- Opening Delimiter -
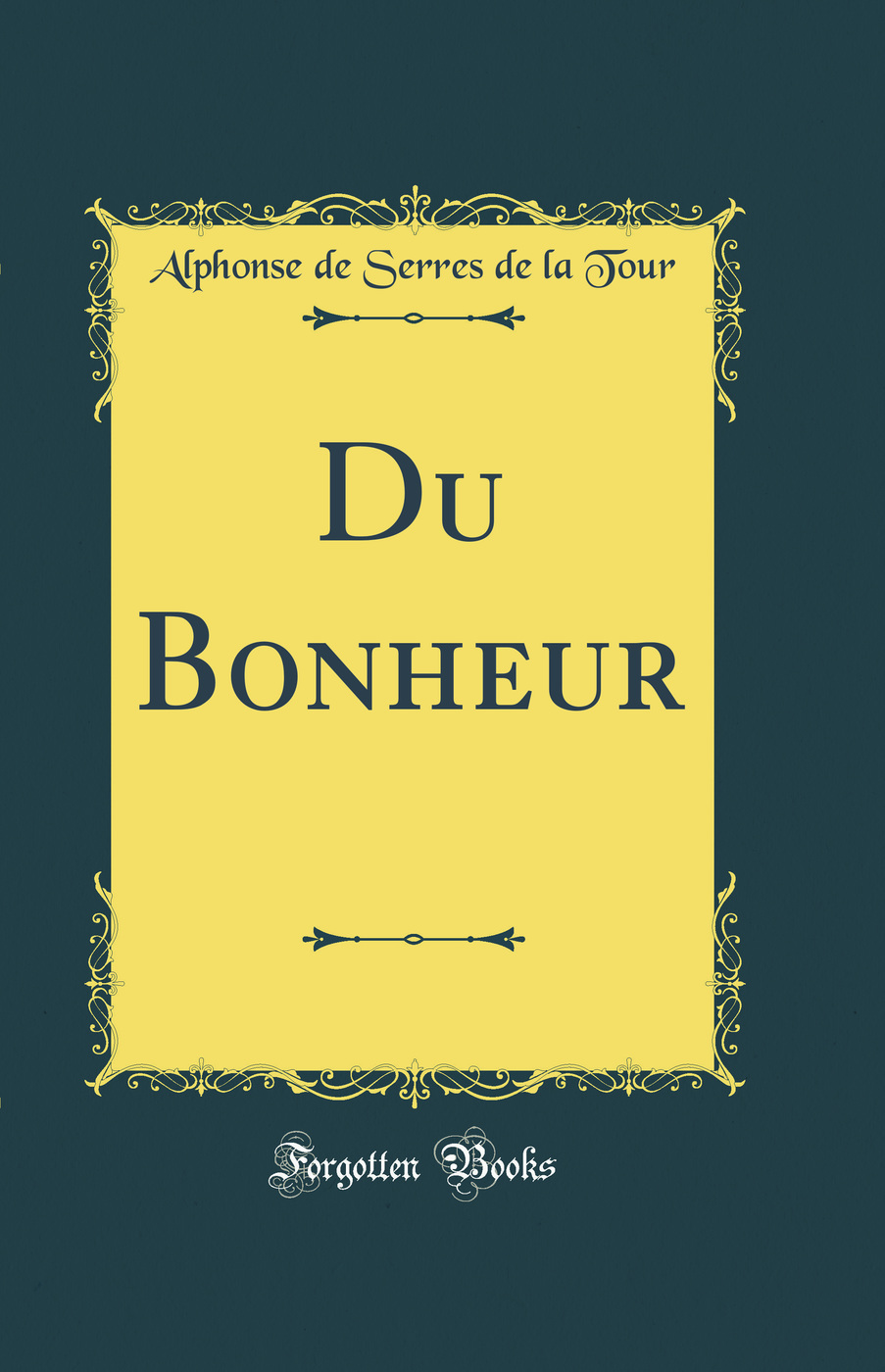 Du Bonheur (Classic Reprint)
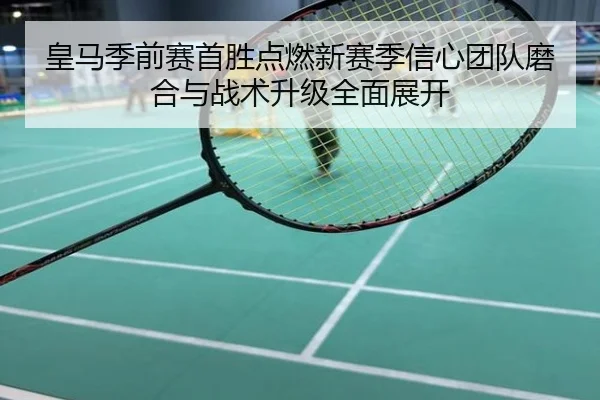 皇马季前赛首胜点燃新赛季信心团队磨合与战术升级全面展开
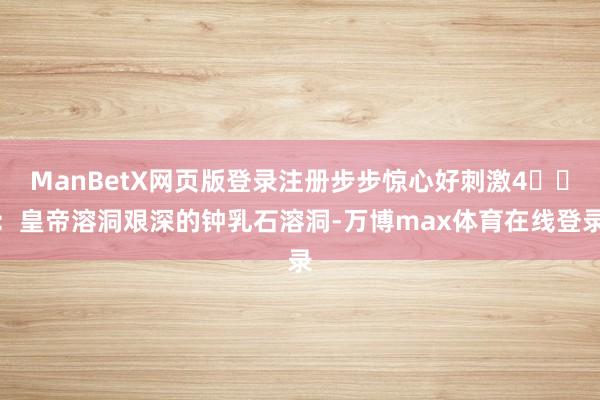 ManBetX网页版登录注册步步惊心好刺激4️⃣：皇帝溶洞艰深的钟乳石溶洞-万博max体育在线登录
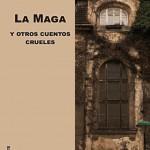 Elia Barceló: La Maga y otros cuentos crueles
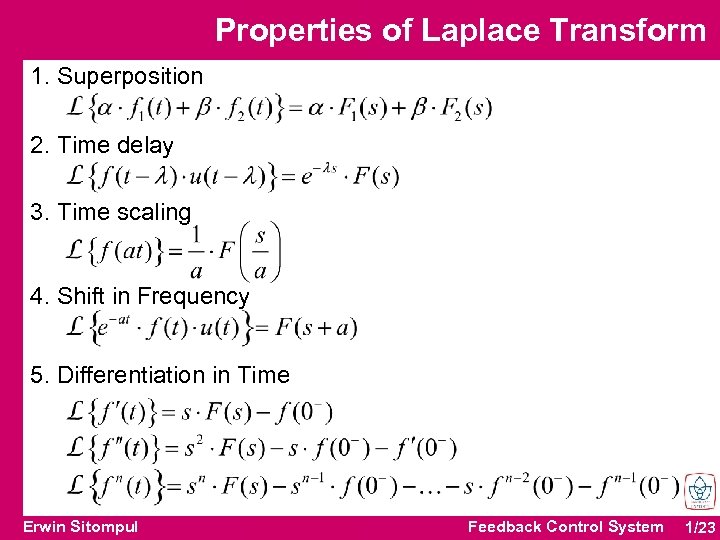 Properties of Laplace Transform 1. Superposition 2. Time delay 3. Time scaling 4. Shift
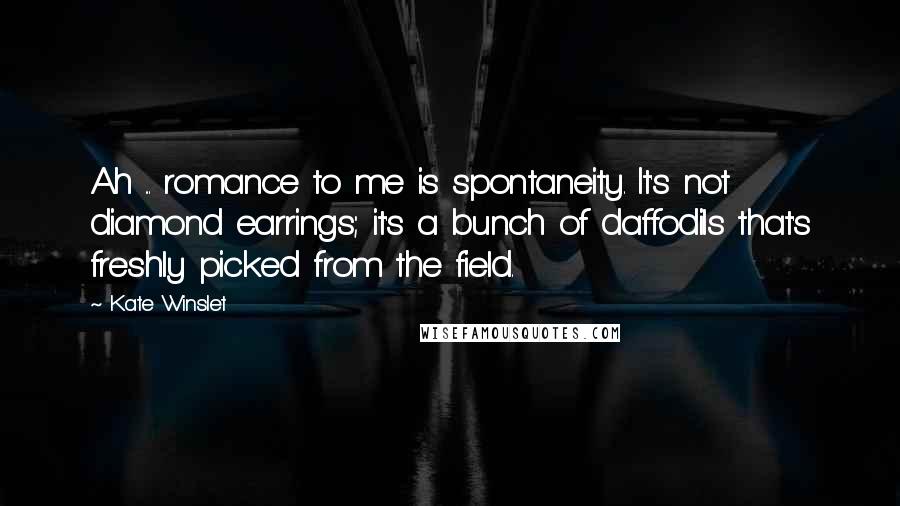 Kate Winslet Quotes: Ah ... romance to me is spontaneity. It's not diamond earrings; it's a bunch of daffodils that's freshly picked from the field.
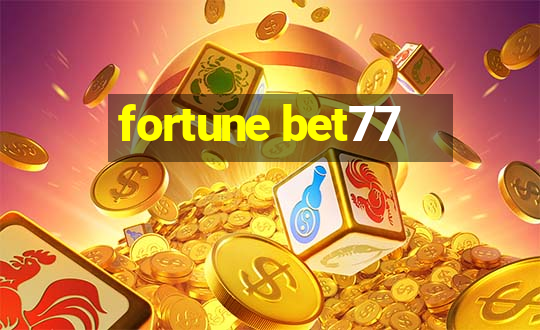 fortune bet77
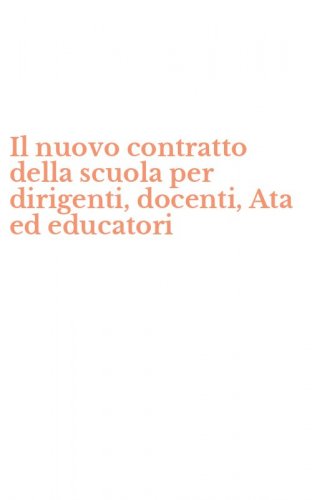 Il nuovo contratto della scuola per dirigenti, docenti, Ata ed educatori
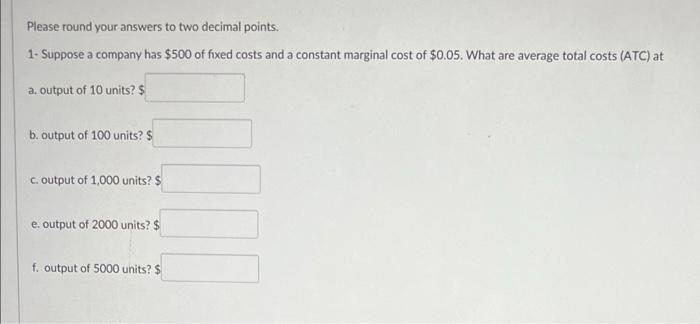 Please Round Your Answers To Two Decimal Points 1 Suppose A Company Has 500 Of Fixed Costs And A Constant Marginal Co 1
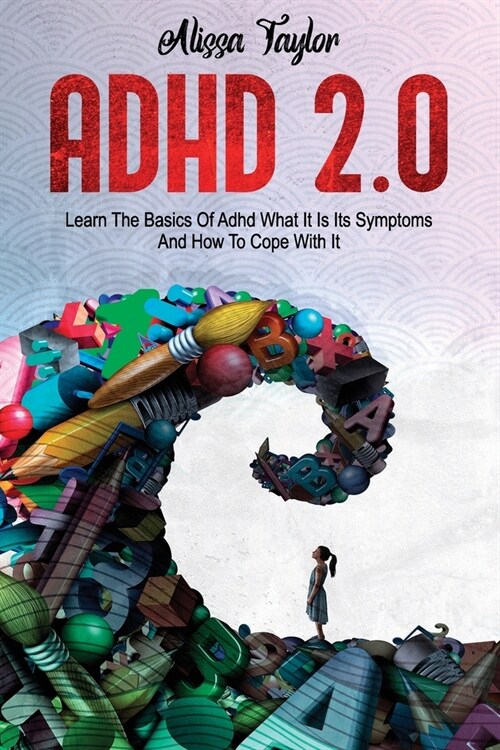 ADHD 2.0: Learn the Basics Of Adhd, What It Is Its, Symptoms And How To cope With It (Paperback)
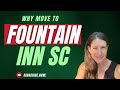 Why Move to Fountain Inn SC?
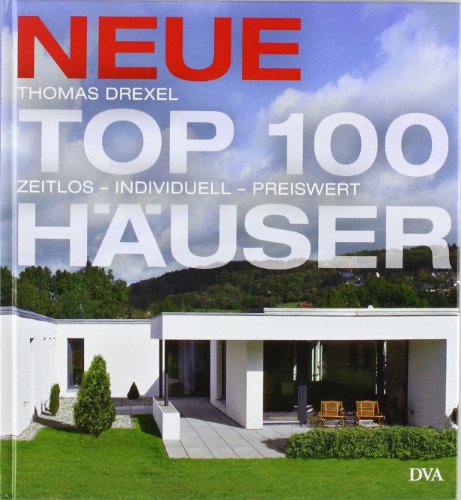 Beispielbild fr Neue Top 100 Huser: Zeitlos - individuell - preiswert zum Verkauf von medimops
- Closing Delimiter -
WHAT NEEDS TO BE DONE: Please take the lines from the beginning of the data above through the line holding "Why Move to Fountain Inn SC?" and transcribe them exactly, without any pictures.

EXERCISE RESULT:
 Du Bonheur (Classic Reprint)
 皇马季前赛首胜点燃新赛季信心团队磨合与战术升级全面展开
 ManBetX网页版登录注册步步惊心好刺激4️⃣：皇帝溶洞艰深的钟乳石溶洞-万博max体育在线登录
 Elia Barceló: La Maga y otros cuentos crueles
 Properties of Laplace Transform 1. Superposition 2. Time delay 3. Time scaling 4. Shift
 Kate Winslet Quotes: Ah ... romance to me is spontaneity. It's not diamond earrings; it's a bunch of daffodils that's freshly picked from the field.
 fortune bet77
 Il nuovo contratto della scuola per dirigenti, docenti, Ata ed educatori
 Please Round Your Answers To Two Decimal Points 1 Suppose A Company Has 500 Of Fixed Costs And A Constant Marginal Co 1
 ADHD 2.0: Learn the Basics Of Adhd, What It Is Its, Symptoms And How To cope With It (Paperback)
 Why Move to Fountain Inn SC?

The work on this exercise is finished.